The advisory role granted to billionaire investor Carl Icahn by President-elect Donald Trump is a potential blow to CEOs and board directors who hoped the new Securities and Exchange Commission would favor corporate management teams over shareholder proposals that they deem too friendly to shareholders.
Icahn’s appointment, announced on Wednesday last week, spans all regulatory matters. That includes vetting SEC candidates, a significant boost to shareholder activists who want commissioners to keep corporate governance initiatives on the front burner.
While Icahn has spent four decades antagonizing CEOs and boards, the extent of his Washington influence and where he will lean on shareholder issues remains to be seen. Still, it is clear that holding the feet of executives and directors to the fire of activists is high on his list of priorities.
“We don’t hold our managements or boards accountable enough,” he said Thursday in a CNBC interview following his appointment.
Icahn’s strong support of the “universal” proxy card, a major initiative that activists feared would die in a Trump administration, may help it survive its current SEC review. In a contested shareholder vote on board membership, universal proxy cards allow investors to pick and choose among all nominees, rather than just being able to vote for an entire slate.
But Icahn has thrown cold water on other governance proposals and has yet to voice an opinion on another key initiative: the SEC’s adoption of a rule requiring public companies to disclose the ratio of the compensation of their CEOs to the median employee compensation.
“The question I have is, Which Carl Icahn do we see in this role? Icahn the activist, or Icahn the businessman, advocating for the business community?” said Keith Gottfried, a Washington D.C.-based partner at law firm Morgan Lewis, who specializes in activist defense. “We will probably see more of the latter.”
Icahn’s support of universal proxy cards pits him against the U.S. Chamber of Commerce, a powerful business lobbying arm, and Republican SEC commissioner Michael Piwowar, who believes the rule favors shareholder activists at the expense of other investors.
SEC Chair Mary Jo White outlined the rules in October, but she has said she will leave her post at the end of the Obama administration.
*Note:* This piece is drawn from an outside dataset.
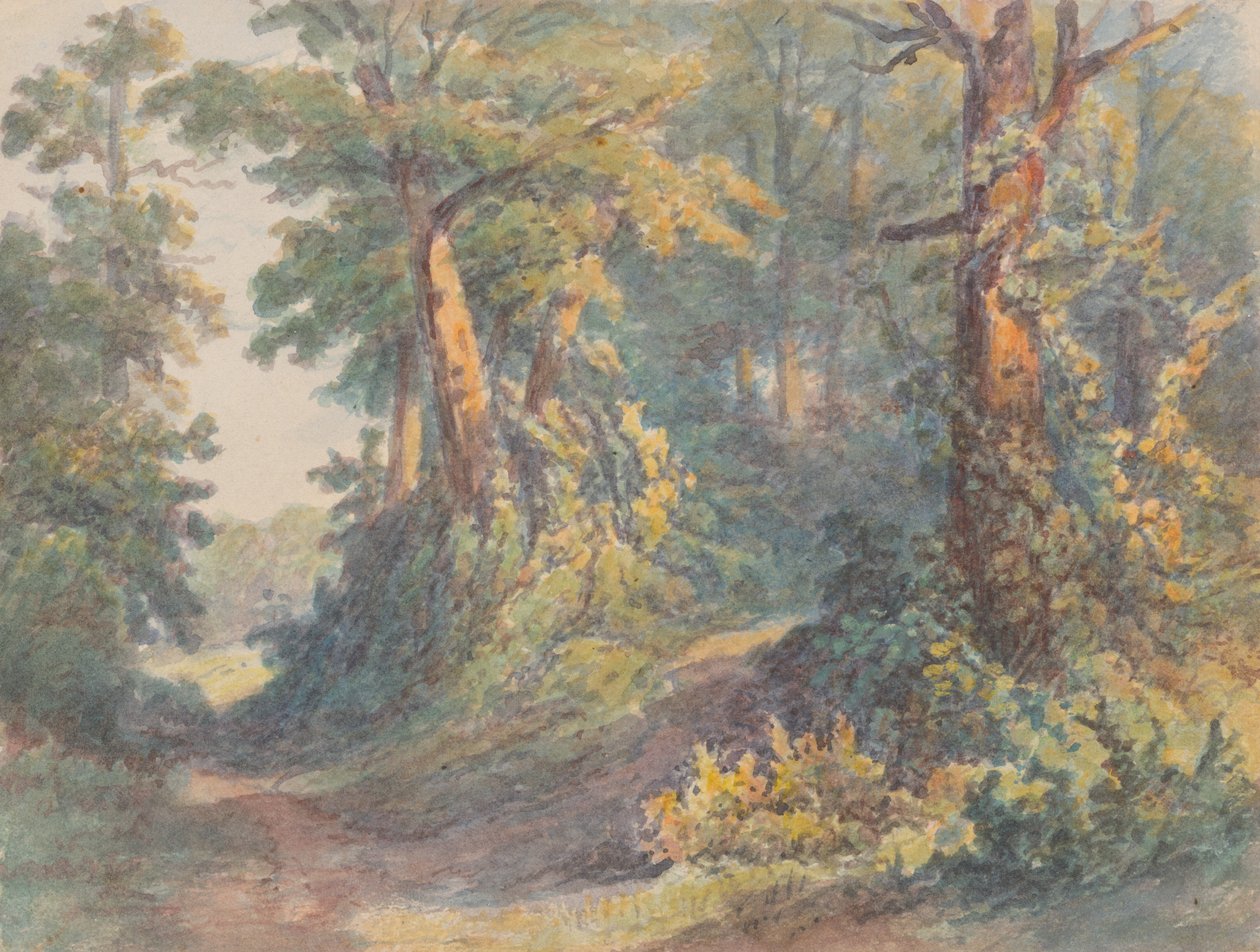 Lesní krajina od Friedrich Carl von Scheidlin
With the SEC accepting comments through Jan. 9, that leaves only a small window for her to act before Trump takes office on Jan. 20, a prospect most see as slim.
“With Icahn playing a role in selecting commissioners, it’s very possible universal proxy cards will remain on the agenda,” said Bruce Goldfarb, CEO of Okapi Partners, a proxy advisory firm that represents activists and companies.
Icahn may also have influence over the pay ratio rule, which was adopted by securities regulators in 2015 and set to begin next year.
Republicans and the Chamber of Commerce have fought the rule, which is seen as being too favorable to shareholder activists who focus on keeping executive pay in check. Icahn has not indicated his view.
Activist Agenda
Shareholder activists have launched 670 campaigns against U.S. companies since 2015 and have placed 213 directors on boards of companies with a market value of $500 million or more, data from Lazard show.
Icahn, known for inviting CEOs he’s targeting to his home and offering them a martini, has placed nine directors on boards this year alone.
Icahn’s new role is “probably going to be mildly bad news” for most CEOs, said Michael Levin, an activist investor and director on the board of Comarco Inc.
Levin said he does not expect Icahn to have much interest in changes related to social or environmental activism by shareholders.
Once seen as a sideshow, the proposals have often drawn traction since the financial crisis. Measures calling on companies to report on sustainability averaged around 30 percent support from shareholders this year for instance, according to the Sustainable Investments Institute.
But critics have pushed back at the ballot questions, often seeing them as nonbinding distractions or unrelated to core business issues and best left for managers to decide.
Paul Atkins, a transition adviser and a former SEC commissioner who is one of two leading choices to head the SEC, which regulates how questions can be put on company ballots, has been a steady critic of the trend. In a 2008 speech he referred to “the abusive use of the shareholder proposal process by some institutional investors.”
Another SEC front runner, Debra Wong Yang, is a partner at law firm Gibson, Dunn & Crutcher, which is frequently tapped by companies to fend off unwanted shareholder proposals.
Although Icahn himself has filed shareholder proposals, such as one calling for Apple Inc. to up its stock buybacks, he has voiced skepticism of smaller-scale proposals aiming for what he regards as minor governance changes, which he said in a 2013 interview, do not “move the needle much.”